*Record extracts:*
________

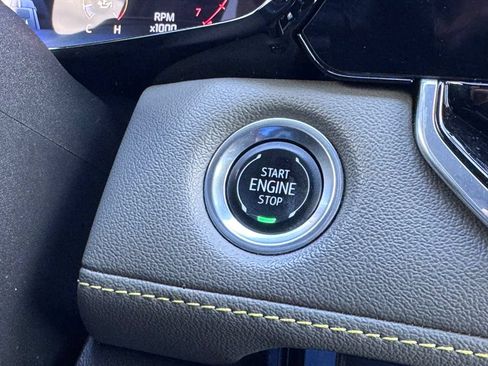 Used 2024 Chevrolet Colorado ZR2 w/ ZR2 Convenience Package III AWD/4WD image 7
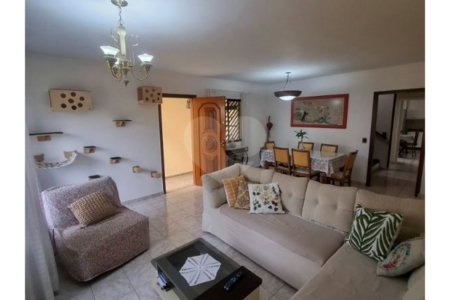 Casa à venda com 4 quartos, sendo 3 suítes, em Vila Aurora (zona Norte), São Paulo, SP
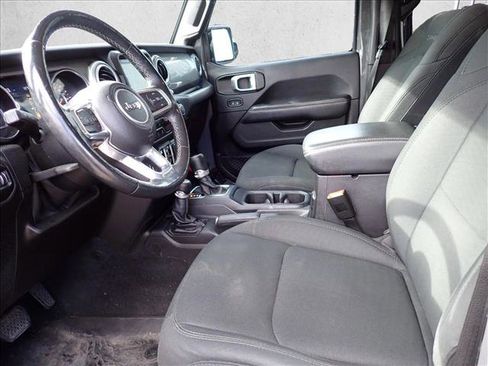 Used 2019 Jeep Wrangler Unlimited Sahara image 10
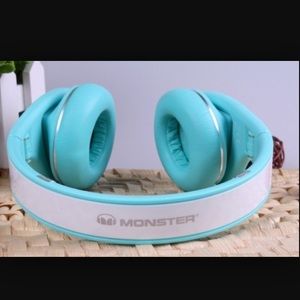 New beats DNA headphones will consider trade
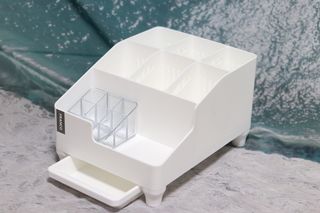 창신리빙 프랑코 멀티 메이크업 홀더 — 5점을 준 리뷰어가 2023년 2월 올린 사용 사진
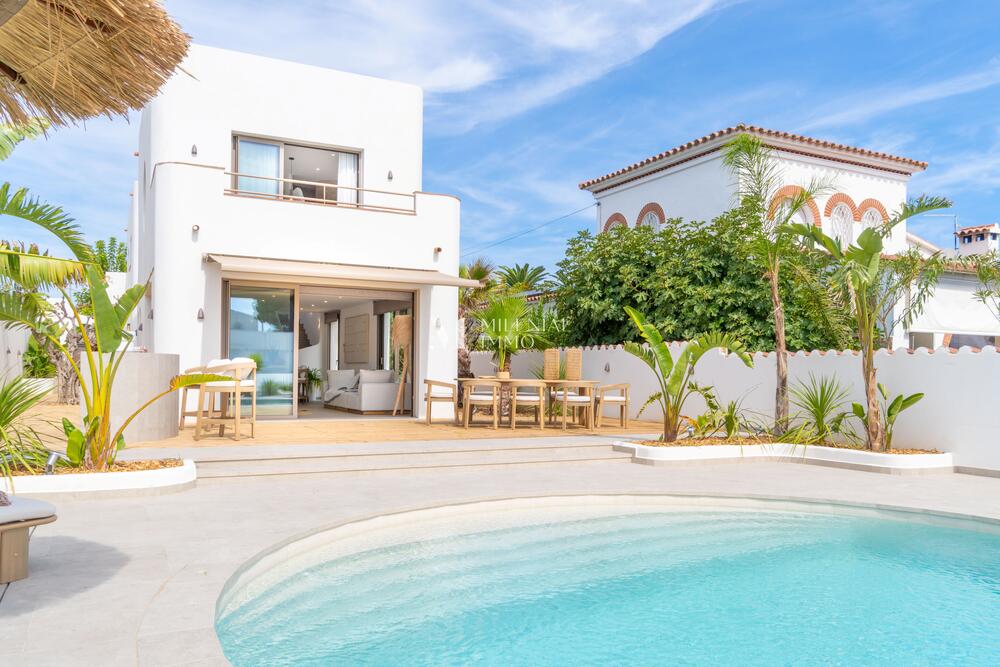 CI-SEGRE SEGRE 24 A Casa aislada / Villa Empuriabrava CI-SEGRE SEGRE 24 A Casa aislada / Villa Empuriabrava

________

*Assignment:* Copy each line of the listing exactly, skipping any picture.

*Solution below:*
 Used 2024 Chevrolet Colorado ZR2 w/ ZR2 Convenience Package III AWD/4WD image 7
 Casa à venda com 4 quartos, sendo 3 suítes, em Vila Aurora (zona Norte), São Paulo, SP
 Used 2019 Jeep Wrangler Unlimited Sahara image 10
 New beats DNA headphones will consider trade
 창신리빙 프랑코 멀티 메이크업 홀더 — 5점을 준 리뷰어가 2023년 2월 올린 사용 사진
 CI-SEGRE SEGRE 24 A Casa aislada / Villa Empuriabrava CI-SEGRE SEGRE 24 A Casa aislada / Villa Empuriabrava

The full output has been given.